N° 1162 | Le 30 avril 2015 | Jacques Trémintin | Critiques de livres (accès libre)
Adolescents difficiles : penser et construire des partenariats
Eliane Bouyssière-Catusse et Jean-Philippe Raynaud
Même s’il n’existe pas de nosographie décrivant le syndrome de « l’adolescent difficile » ou du « jeune en grande difficulté », on peut aisément repérer ce qui caractérise cette population. Elle fonctionne dans l’immédiateté et l’égocentrisme, manifestant une très faible tolérance à la frustration. Elle privilégie l’agir sur la pensée, se focalisant avant tout sur le présent. Elle éprouve sa valeur à l’aune du passage à l’acte, recherchant surtout la satisfaction de ses besoins primaires. Ce mode de fonctionnement est largement influencé par la poussée hormonale qui, à cet âge, inonde le cerveau, incitant à la prise de risque et à la recherche d’intenses émotions. Mais il est aggravé par l’évolution d’une société où ont disparu les discours qui, jusque-là, offraient une cartographie des chemins praticables.
Depuis l’Antiquité jusqu’aux années 1950, l’autorité dominait et encadrait la liberté. Depuis, l’affranchissement d’un certain nombre de limites a fait reculer la puissance de l’interdit et l’individu est devenu légitime à poser ses propres normes. L’adolescent compense l’insécurité intérieure induite par un comportement actif lui donnant le sentiment d’être l’acteur de sa vie. On est passé d’une pathologie des conflits suscitée par une société répressive, à une pathologie du lien favorisée par une société libérale.

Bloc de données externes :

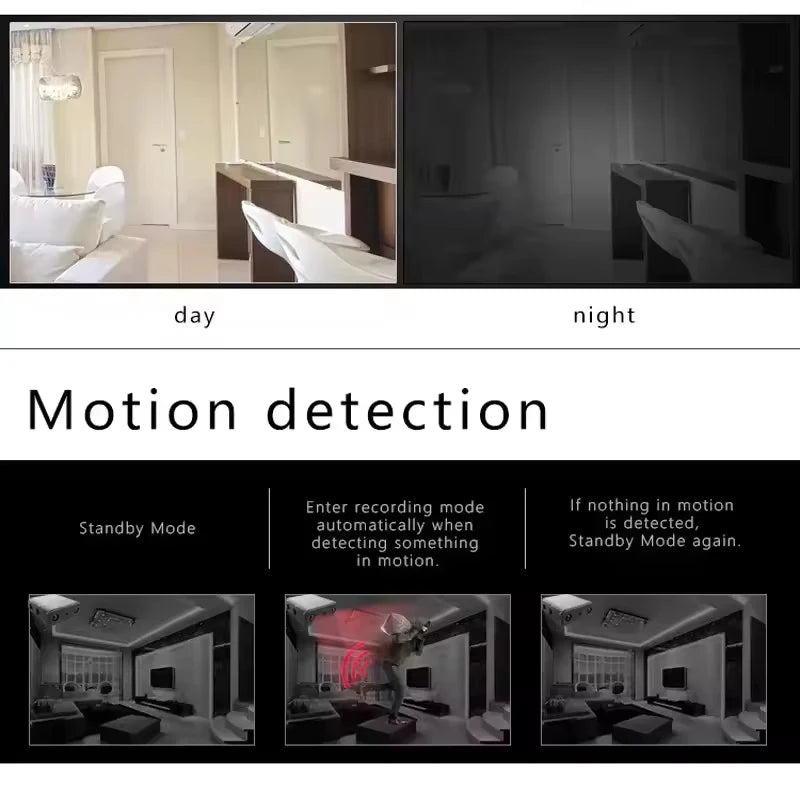 1080P HD Mini Wifi Camera XD Wire Camera Smart Home Security indoor Anti-theft IP Camera Video Voice APP Real-time Cam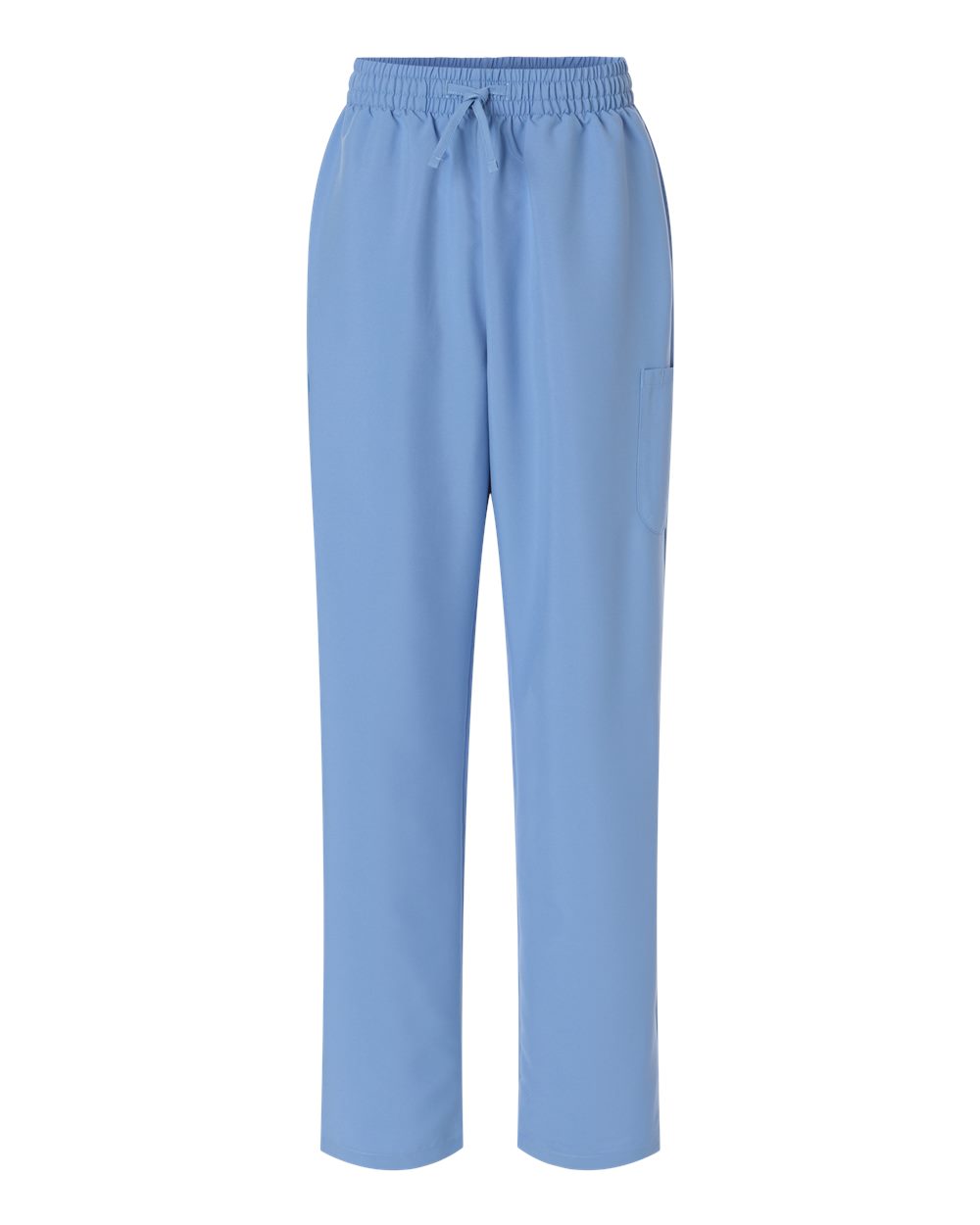 Hanes Women's Scrub Open Leg Pants. HSB003 - Ceil Blue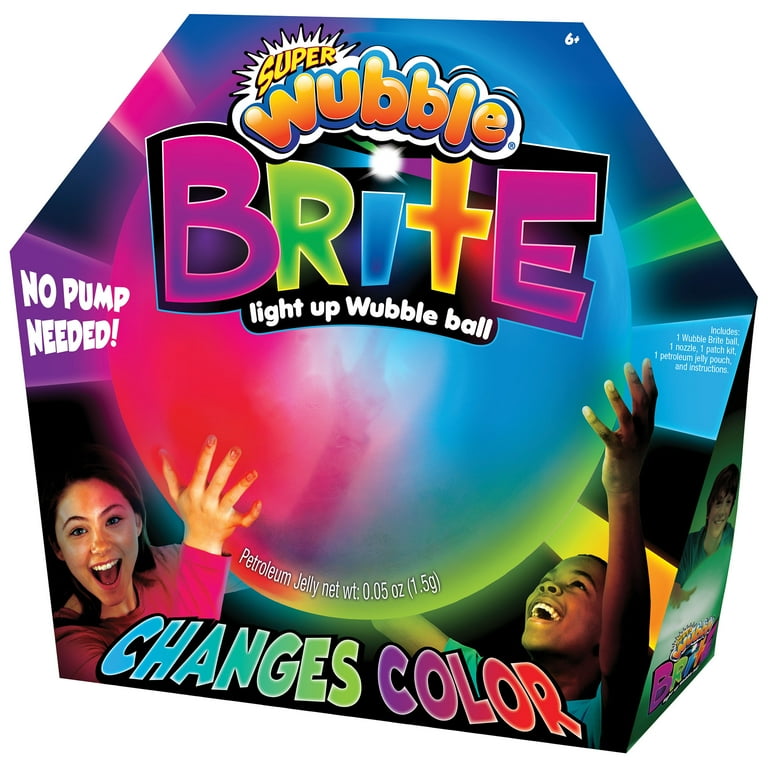 Super wubble cheap brite ball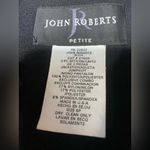 John Roberts cropped suit jacket, blazer, vintage, size‎ 6P Black Photo 4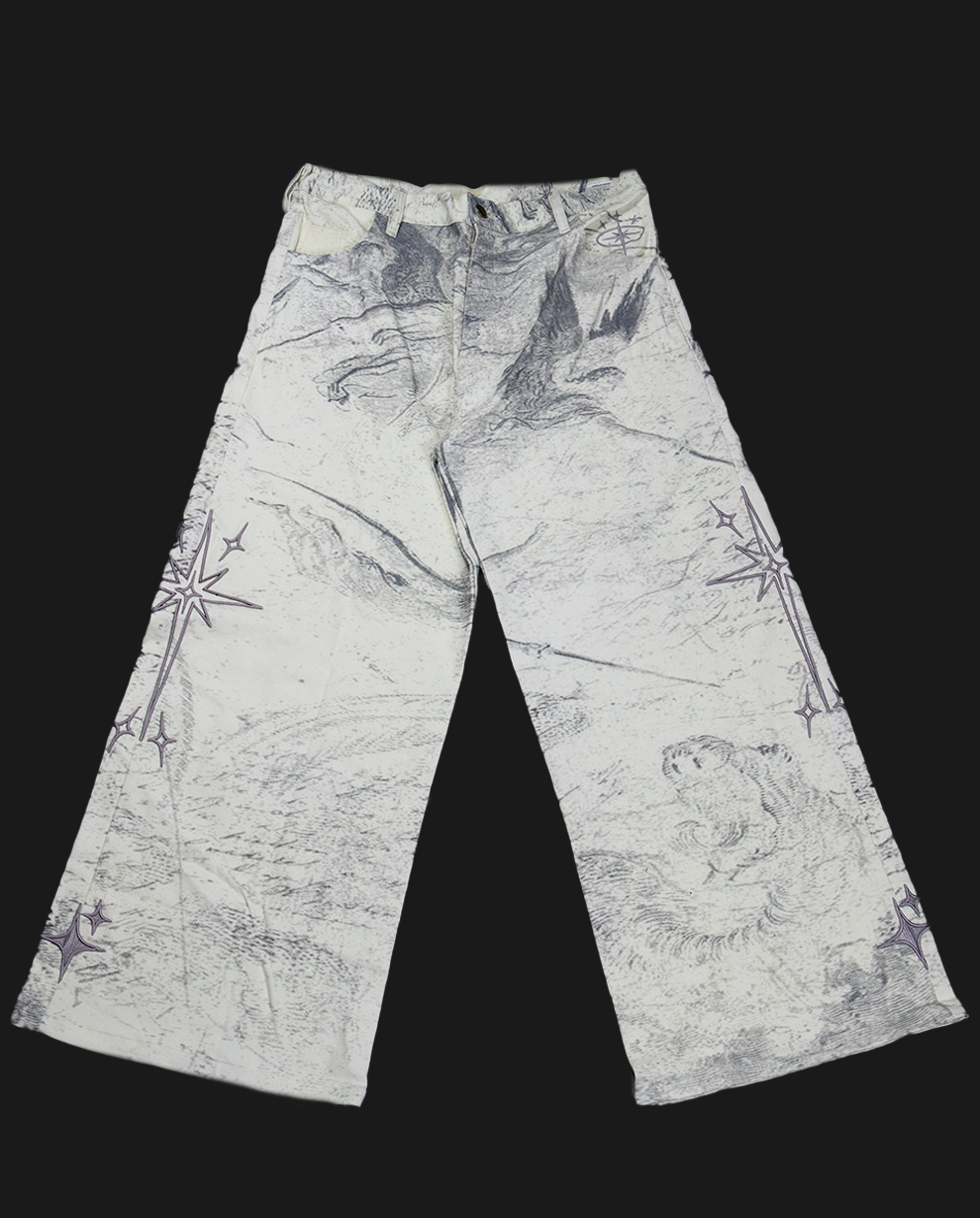 CREAM CELESTIAL JEAN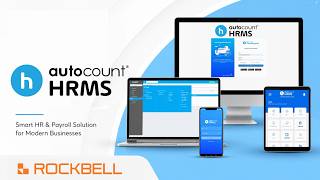 AutoCount HRMS Website Demo | Employee Self-Service Made Easy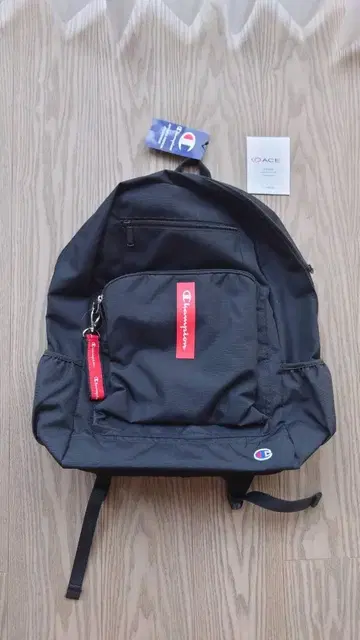 Champion 블랙 럭색 백팩 약 30L
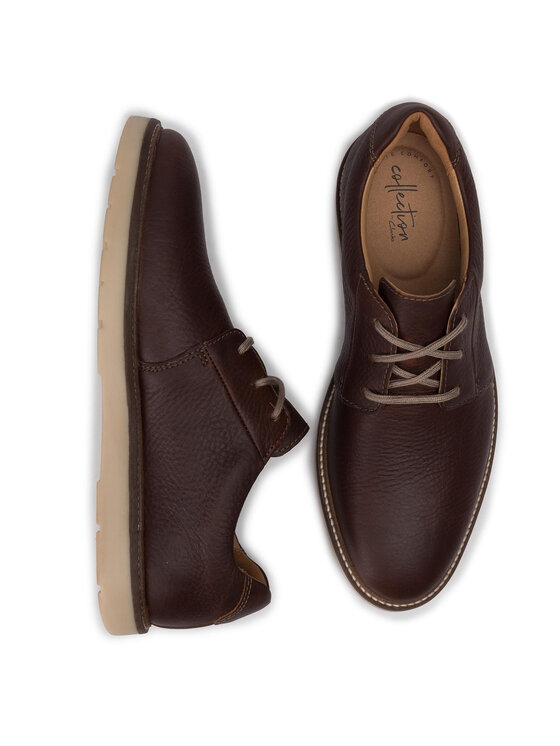 Clarks Scarpe basse Clarks Grandin Plain 261448707 Marrone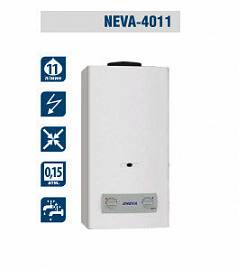 Газовый проточный водонагреватель Neva-4011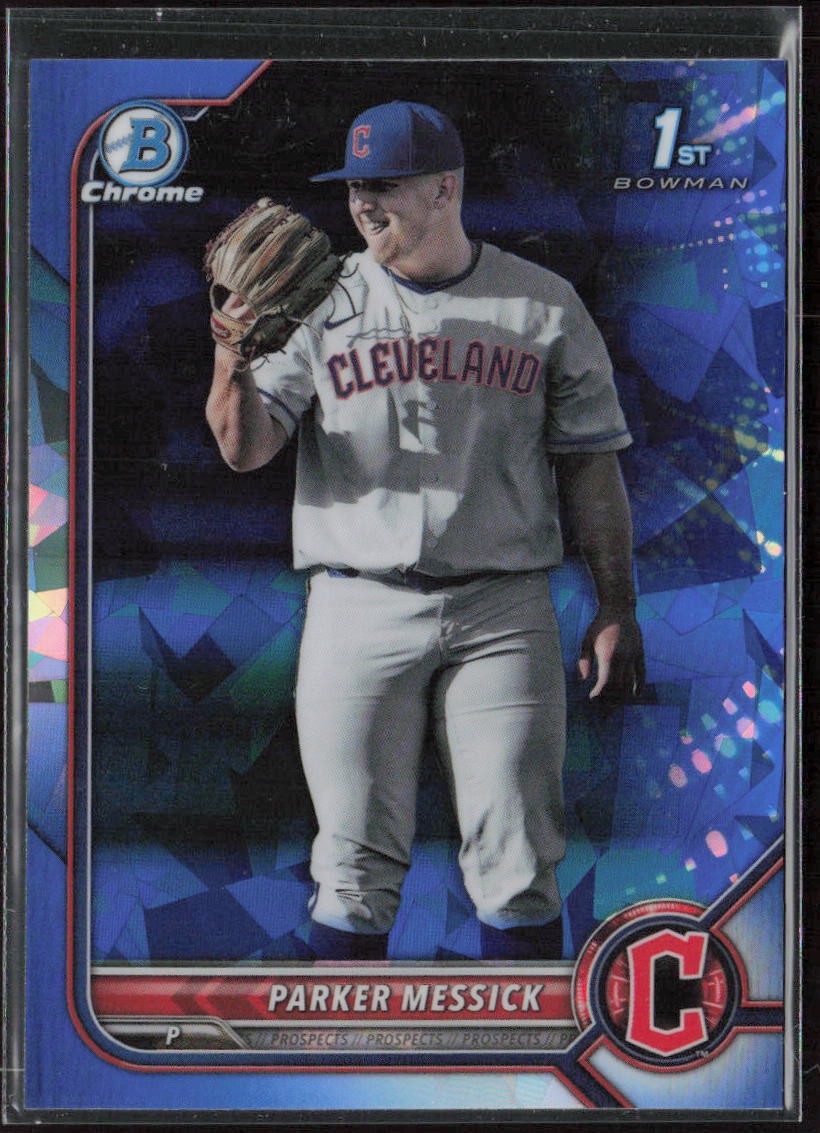 2022 Bowman Chrome Sapphire #BD-71 Parker Messick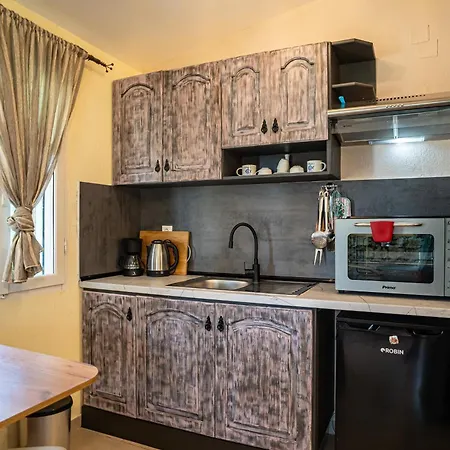Apartamento Garden Studio Feel Greek #x011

Soutenir ces ados difficiles, c’est les aider à élaborer, à gérer leurs insatisfactions, à différer leurs réponses, à supporter leurs tensions internes et à accepter des renoncements, dans toutes les dimensions de leur existence. Mais c’est aussi et tout autant assurer la cohérence des adultes les entourant qui doivent pouvoir leur proposer une vision globale et concertée de leur parcours, ainsi qu’une analyse partagée des échecs sans que ne soient stigmatisés ceux qui s’y sont heurtés.